Arkansas’ fledgling medical marijuana industry is poised for a major expansion into recreational cannabis after financing a multimillion-dollar campaign that recently turned in nearly 200,000 signatures to clear the first hurdle toward a November vote on a constitutional amendment to allow recreational marijuana.
The secretary of state’s office has until Aug. 8 to certify whether lists presented July 8 by Responsible Growth Arkansas, which spent $2.5 million on signature-gathering, contain enough valid voter names to put the amendment before voters. That threshold is about 90,000 names, a level Responsible Growth’s leaders — with 192,828 signees — expect to surpass easily.
The secretary of state's office approved the signatures Friday, moving the measure one step closer to the ballot.
But the proposal will still face potential challenges, including a test of whether its ballot title is lawful. There is also a lawsuit pending that paints the entire medical marijuana system as a racketeer-influenced criminal organization under federal law and accuses cultivators and a testing company of defrauding patients by overstating the potency of marijuana products.
The proposed amendment would grant recreational marijuana licenses to the state’s eight existing licensed medical cannabis cultivation sites and 40 dispensaries, and would create licenses to be granted by lottery to expand the recreational use network by 12 cultivators and 40 new dispensaries.
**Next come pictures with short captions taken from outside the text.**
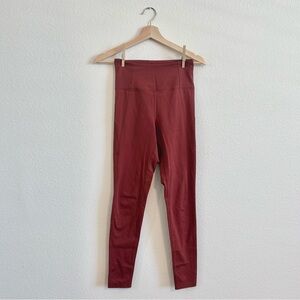 Girlfriend collective Compressive High-Rise Legging - size small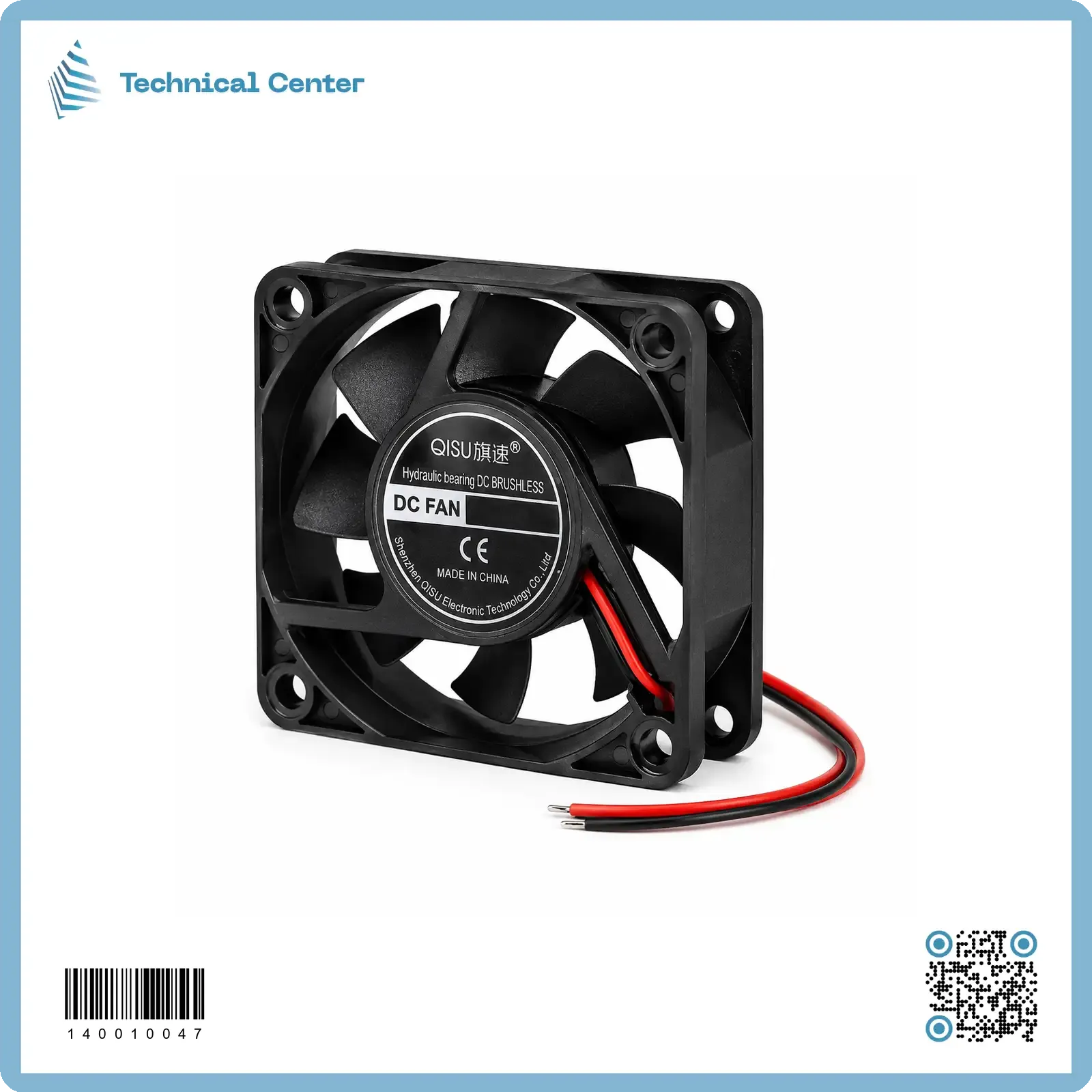 مروحة (18V-DC)mm(30X30X1.0)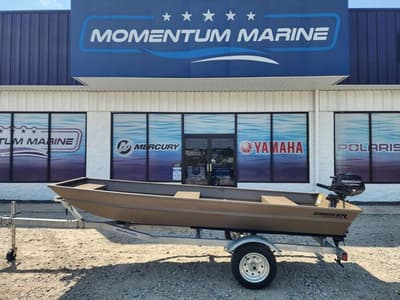 BOATZON | Smoker Craft Jon 1232 2025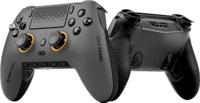 SCUF Omega Kabelloser Performance Gaming Controller Stahlgrau f&uuml;r PlayStation 5, PC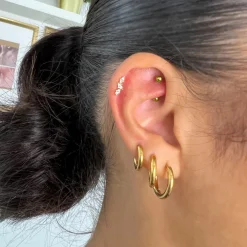 Diamond Leaves Piercing | Titan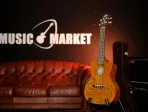 Укулеле концерт Luna Uke Tec MAH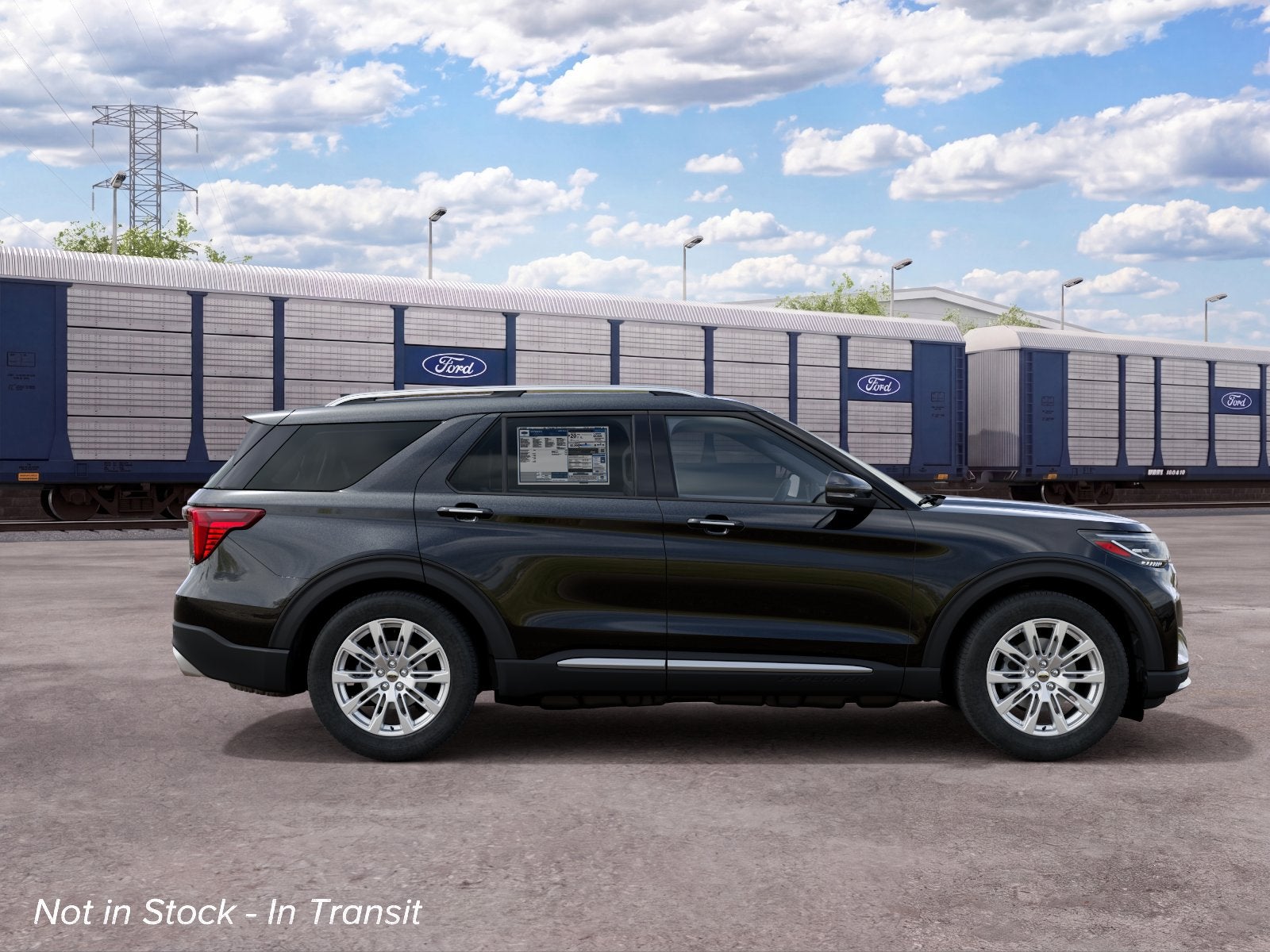 2027 Ford Explorer Platinum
“We’re confident, and a lot of work was put into this,” said former state lawmaker Eddie Armstrong, Responsible Growth’s director. “We collected the most signatures in state history despite COVID, despite having competing proposals and facing new state rules on signature-gathering. We were able to overcome all of that, so yes, we’re confident.”
Two other ballot efforts for recreational use collected signatures early this year but pulled back to focus on getting on the 2024 ballot, clearing the way for Armstrong’s proposal, which has a 35-word popular name and an 877-word ballot title.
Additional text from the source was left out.